# Brewery Button



## Robby Raccoon (Apr 10, 2016)

C P B Co reads the monogram bordered by C. Pfeiffer Brewing Co. Detroit, Mich. U.S.A.
Pfeiffer was founded as Conrad Pfeiffer Beer in Detroit, Michigan, in 1889. In 1902 it changed to C. Pfeiffer Brewing Co. and then, about 1933, became Pfeiffer Brewing Co.
They sold out in 1972.

The back seems to say Weyhing Bros. Mfg. Co. Detroit.

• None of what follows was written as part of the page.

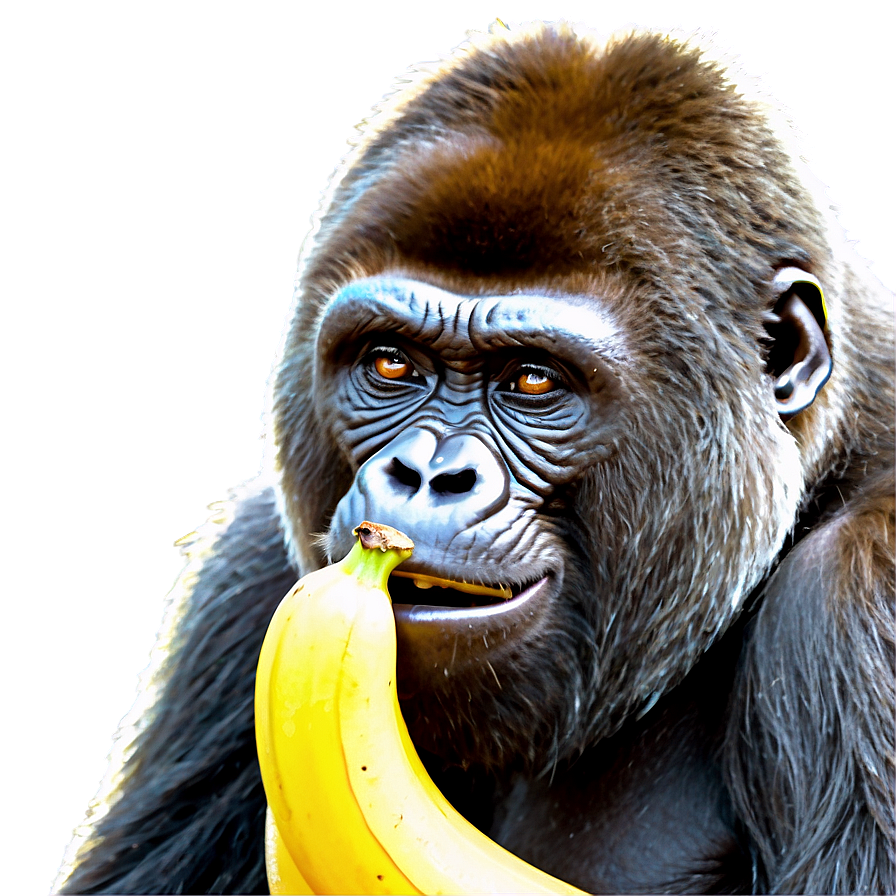 Gorilla Eating Banana Png Obe73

They started in 1903.
So that gives us a date-range: 1903 to Prohibition, then after Prohibition to 1933.
But exactly what is it, and when is it from?


----------



## UncleBruce (Apr 11, 2016)

Kewl!!!!!!!!!!!!!!!!!!


----------



## hemihampton (Apr 11, 2016)

Don't know what it is but I like anything Pfeiffer since I collect Detroit beer stuff.


----------



## CanadianBottles (Apr 12, 2016)

Very nice!  How did you come across this one?  I would guess that it dates closer to 1903 than 1933, though I can't say for certain.


----------



## bottlediggingcop (Apr 12, 2016)

cool!!


----------